At least three women on Tuesday publicly accused acclaimed artist and sculptor Jatin Das of misconduct and sexual harassment in the past. One of the women said Das tried to grab and kiss her in 2004. Another woman complained of a similar incident from 2013. Both incidents reportedly took place in his New Delhi studio in Shahpur Jat. A third woman said over the three days she spent working with Das as an assistant in his home, he would “unnecessarily touch her”, making her feel so uncomfortable she left the job.

Das described the allegations as “vulgar” and denied having met the women.

In an account posted on her Twitter page, Mumbai-based conservationist Nisha Bora said she assisted Das in organising his work material for a few days in the summer of 2004. On the second day at his studio, Das “attempted to grab” her and “managed a clumsy kiss” on her lips on the second attempt, she said. “What I recall clearly was his disbelief that I was pushing back,” wrote Bora. “I picked up my bag, stepped out into the sun, and ran home. Never to speak about it. Until now.”

Bora said she was prompted to share her story after she came across an Instagram post also accusing Das of sexual harassment, reported The Indian Express. The post was shared on Monday on an anonymous account, Scene And Herd, which has been sharing stories of abuse from within the art world.

“Earlier, when I talked about it with a few senior female artists, I was told that this was par for the course. They brushed it off, saying they have all dealt with this,” Bora told The Indian Express. “But when I saw there was one person who had put out her own account of her encounter with him [Das], I knew I didn’t want it to die without a whimper. I wanted to share my story.”

The woman who wrote the Instagram post anonymously said she had assisted Das in his work in 2013 just as she was starting her career. “I was asked the same night to change to my night clothes and come to his bedroom. I was in shock and locked myself in my room,” she said. “I left the very next morning. I have not heard anything from him after.”

Later, Garusha Katoch also wrote about Das’ allegedly inappropriate behaviour during her time as an intern at the Jatin Das Centre of Art. The office had five or six interns and Das tried to “alienate” her from the others, claimed Katoch.

Das complimented Katoch on her feet and gave her a pair of socks, she said. When she did not put them on, “he then made me sit down and grabbed the socks and proceeded to put them on my feet”, wrote Katoch. “I had never felt so disgusted before.”

Das also told her to live in a spare room in his house in Asiad Village. When he offered to drop her home from the studio, he allegedly took Katoch to his house on the pretext of showing her the spare room and tried to tightly hug and kiss her.

Both women said they stopped associating with Das and his work soon after the incidents.

A third woman, Malavika Kundu, said she was 18 when worked as an assistant at Das’s home in 1999 or 2000, helping him catalogue his collection of books.

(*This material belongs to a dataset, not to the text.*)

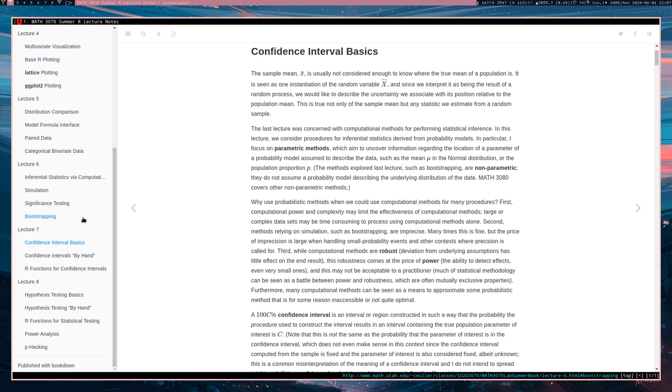For example, we're not assuming that the data actually came from a normal distribution or anything like that. We just say there's a mean or there's a standard deviation or a median and that's pretty much it. After that, we can use those bootstrapping procedures as we like.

Das called her “baby”, despite her asking him not to. “He would unnecessarily touch me, for example, by running his hand down my back, or he would come over and stand too close,” she wrote in an account shared on Twitter. The final straw, she said, came when he asked her to be more receptive to him. “Specifically, he said I should think of myself as a matki and allow him ‘plant his seed in it.’”

Das denied having met the women. “I do not know who they are,” he told Scroll.in. “It’s so painful and vulgar. Anyone can say anything about anybody and it gets published...There might be truth to both sides but it’s the innocent which loses dignity. One has worked and slogged all their life with truth.”

Since October 5, dozens of women, including journalists, have taken to social media to give detailed accounts of the sexual harassment and misconduct they have faced. The campaign, dubbed the #MeToo movement in India, has sent tremors through industries such as film, music and the media. Some of the men accused of sexual misconduct are Union minister MJ Akbar, former Hindustan Times political editor Prashant Jha, actor Alok Nath, directors Vikas Bahl, Subhash Ghai and Sajid Khan, senior The Times of India editors KR Sreenivas and Satadru Ojha, author Kiran Nagarkar, and multiple men affiliated currently or previously with comedy group All India Bakchod.